Algebraic expressions are combinations of numbers, variables, and mathematical operations, such as addition and multiplication. They don't include an equality sign like an equation does but play a crucial role in forming them.
They can range from very simple, like \( 5x \), to complex, consisting of many terms such as the expression \( bx + bz + 5x + 5z \). In such expressions:

• **Terms** are the distinct parts of an expression separated by addition or subtraction signs. For example, in \( bx + bz + 5x + 5z \), the terms are \( bx \), \( bz \), \( 5x \), and \( 5z \).
• **Coefficients** are the numerical parts attached to the variables. In the term \(5x\), 5 is the coefficient.
• **Variables** are the symbols like \(x\) and \(z\) used to represent unknown values.

Understanding algebraic expressions is essential when factoring, as it helps in recognizing patterns and common factors.

Polynomials are specific types of algebraic expressions that consist of terms made up of variables raised to whole number powers and their coefficients. They can be classified by their degree, which is determined by the highest power of the variable present in the expression.
Let's look at these key attributes of polynomials and how they relate to our example expression, \( bx + bz + 5x + 5z \):

• **Degree**: For each term, the degree is the sum of the powers of variables in the term. The whole expression's degree is the highest among its terms. Here, each term is of degree 1.
• **Monomials, Binomials, and Trinomials**: These terms describe polynomials with one, two, or three terms respectively. While the expression given could be broken down into a binomial after factoring \((b+5)(x+z)\).
• **Like Terms**: These are terms within a polynomial that can be combined because they have the same variables raised to the same power. In our original expression, grouping \(bx\) with \(bz\) and \(5x\) with \(5z\) is a strategy for simplifying by identifying like terms.

The process of manipulating polynomials involves adding, subtracting, multiplying, and factoring to simplify or solve algebraic problems.
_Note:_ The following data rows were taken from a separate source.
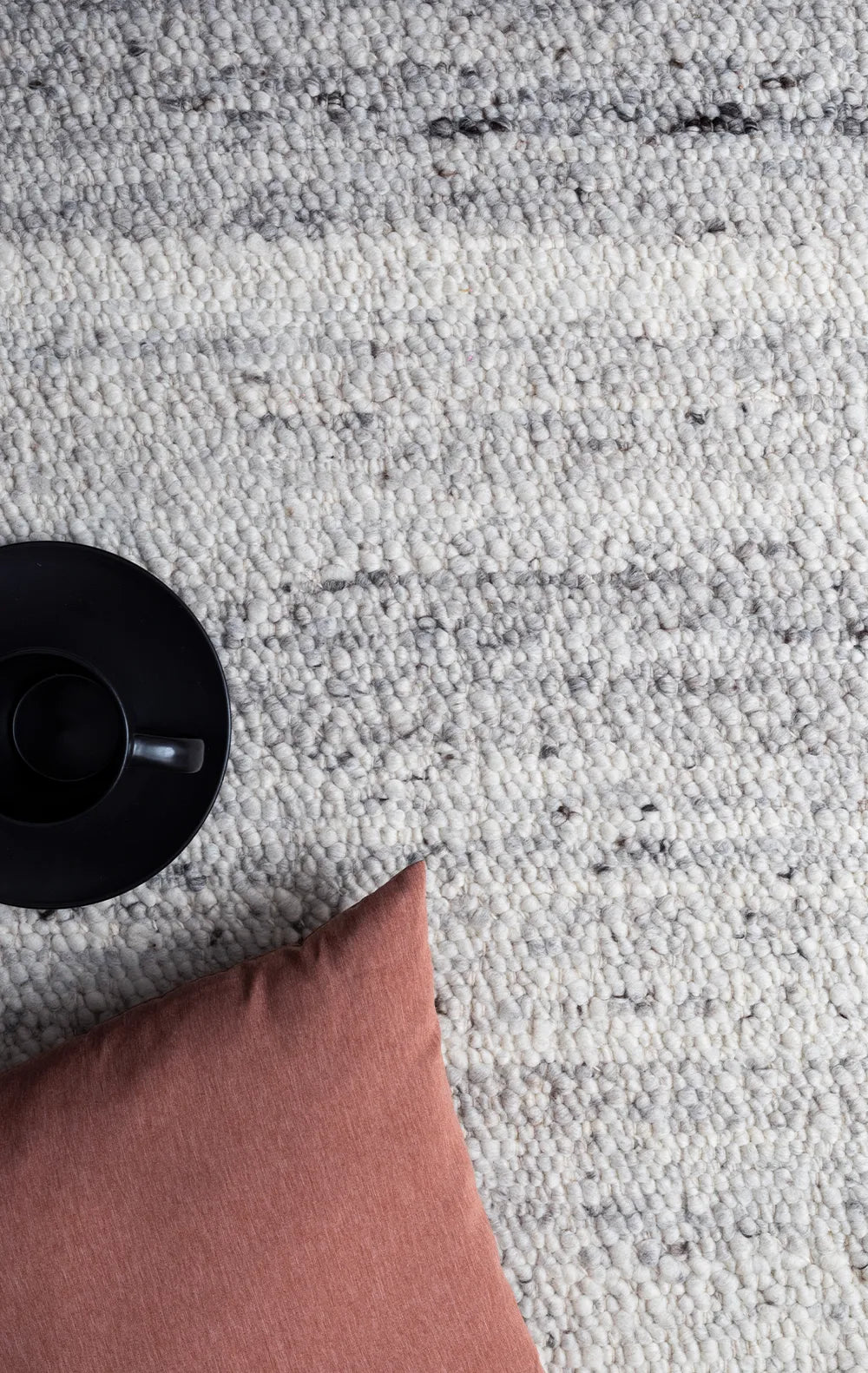 Close-up of a textured gray rug with a black object and pink pillow.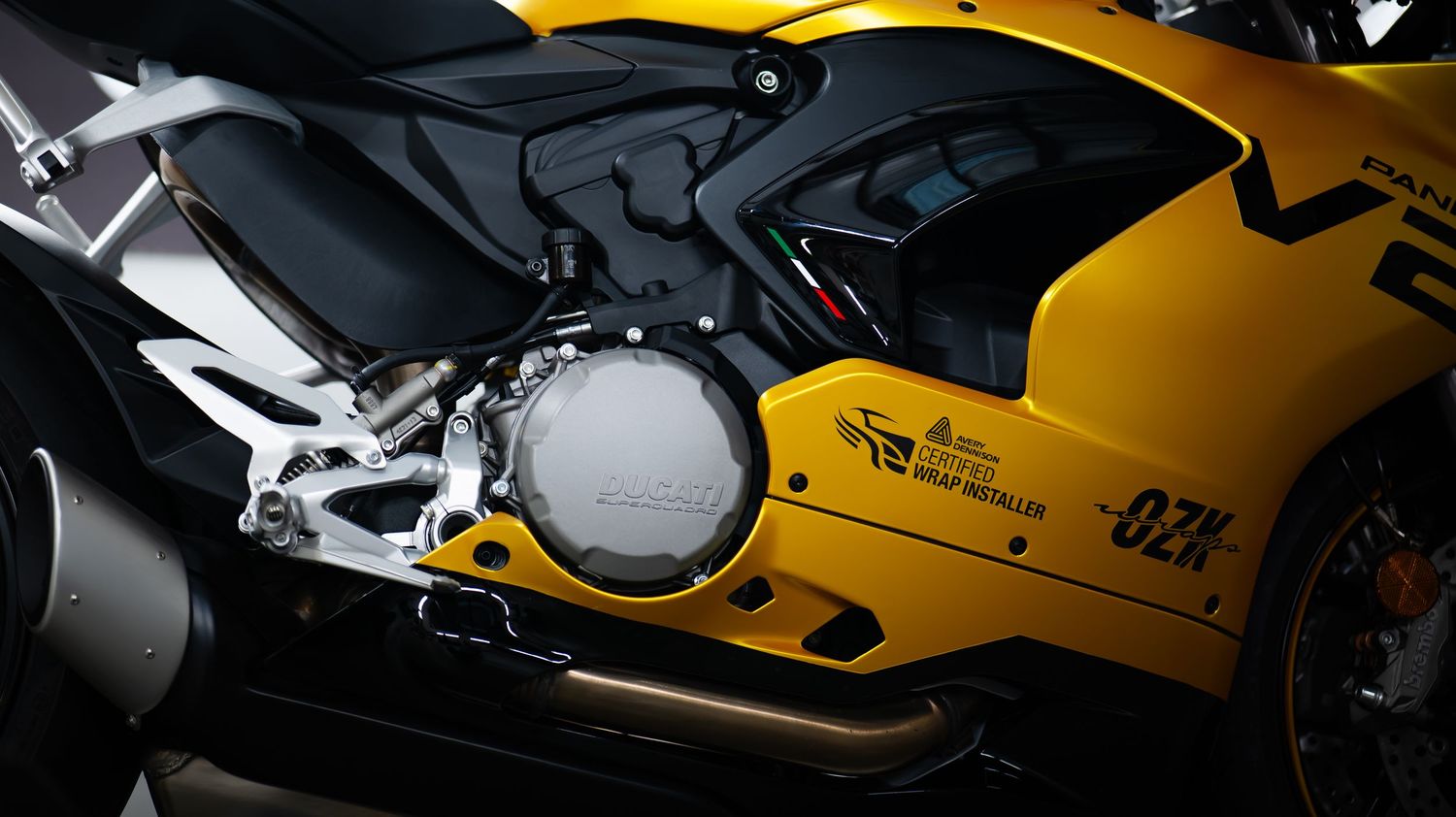 Yellow Ducati motorcycle body panels shown in dramatic lighting.
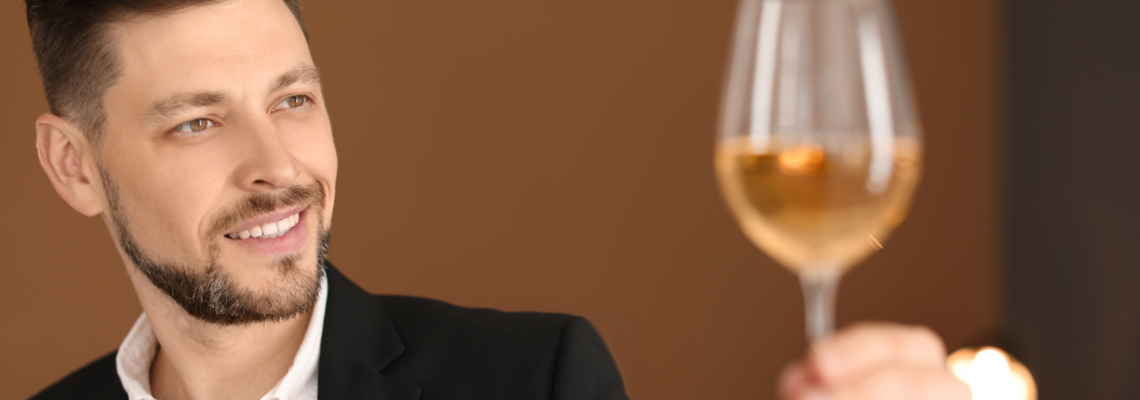 Abbildung ein Mann betrachtet ein Glas voll Wein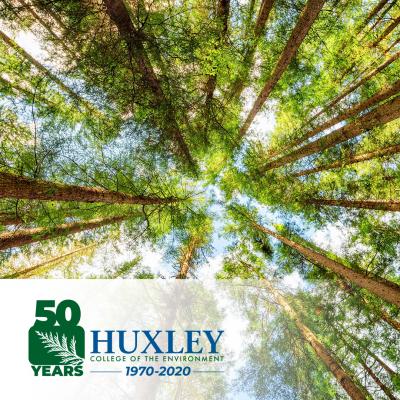 View from base of old growth trees looking up to a bright sky and Huxley 50th logo on the lower left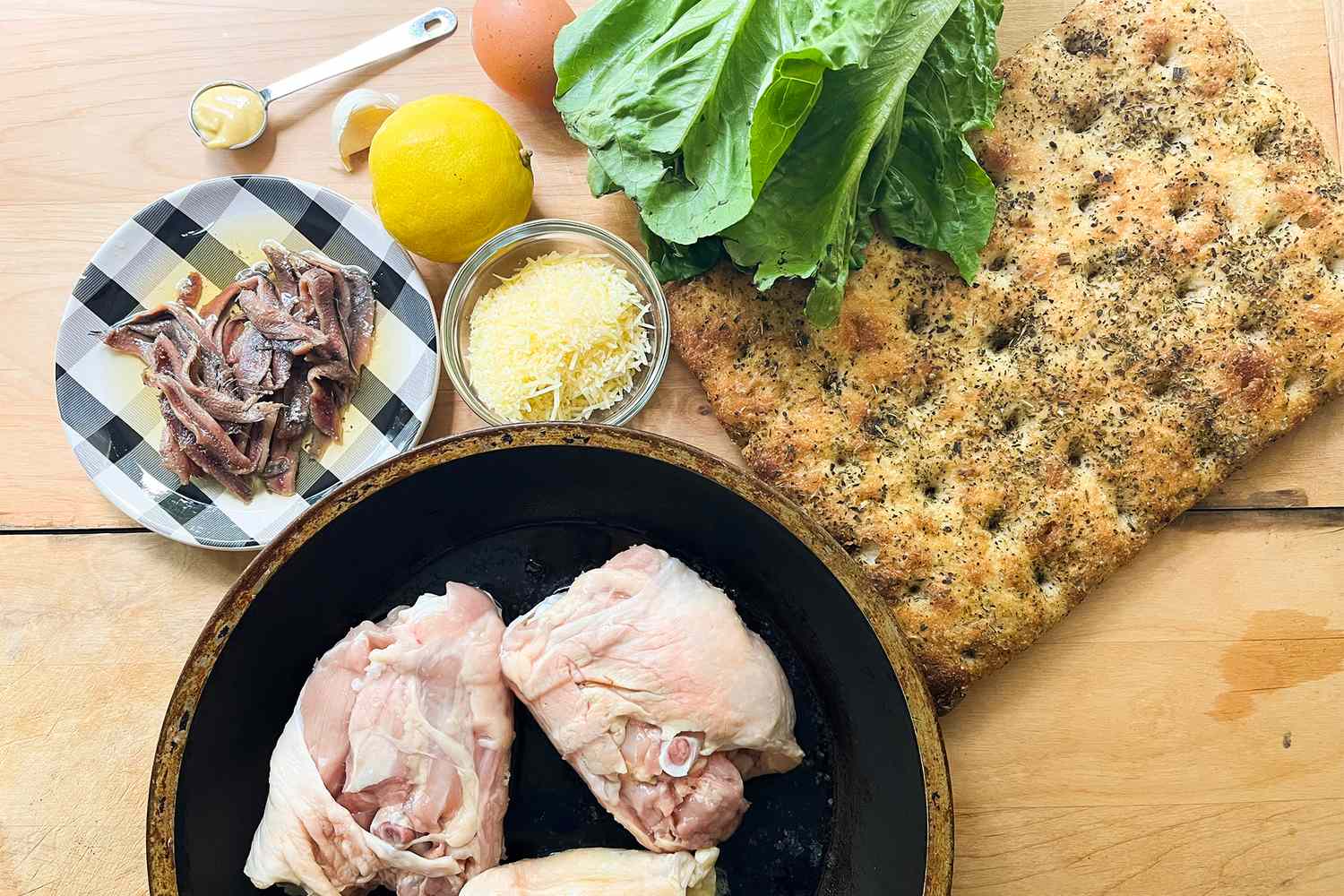 Ingredients for a sandwich including chicken lettuce bread lemon Parmesan anchovies and garlic displayed on a wooden surface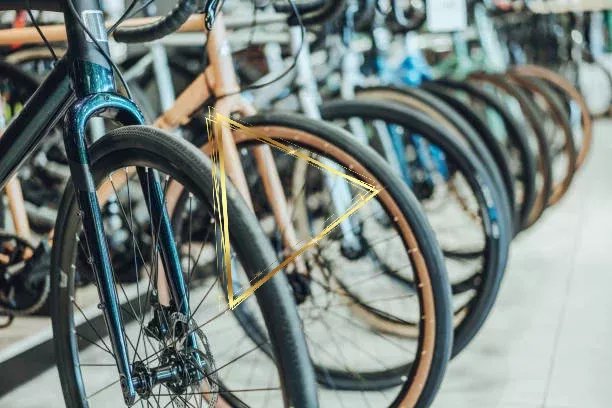 Bicycles parked in a bike shop
View of front wheels and tires, Selective Focus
A common factor in algebra is a number or variable that divides two or more terms without leaving a remainder. Recognizing and factoring common factors is a pivotal skill in simplifying expressions and solving equations. Let's explore how common factors are identified and utilized, as seen in the example expression.
Here's how you can identify and utilize common factors:

• **Identifying Common Factors**: Look for a factor shared by the coefficients of the terms or a variable common to all terms in a group. In the complete expression \( bx + bz + 5x + 5z \), each subgroup (\(bx + bz\)) and (\(5x + 5z\)) has a common factor, which are \(b\) and \(5\), respectively.
• **Factoring Process**: Once identified, extract the common factor. For example, factoring \(b\) from \(bx + bz\) gives \(b(x + z)\), and similar for \(5(x + z)\) from \(5x + 5z\). The expression thereby becomes \((b+5)(x+z)\) after factoring the binomial \((x+z)\), common to both groups.

This method of factoring by grouping effectively breaks down expressions into simpler components, making them easier to work with, and it's widely used to solve quadratic equations and beyond.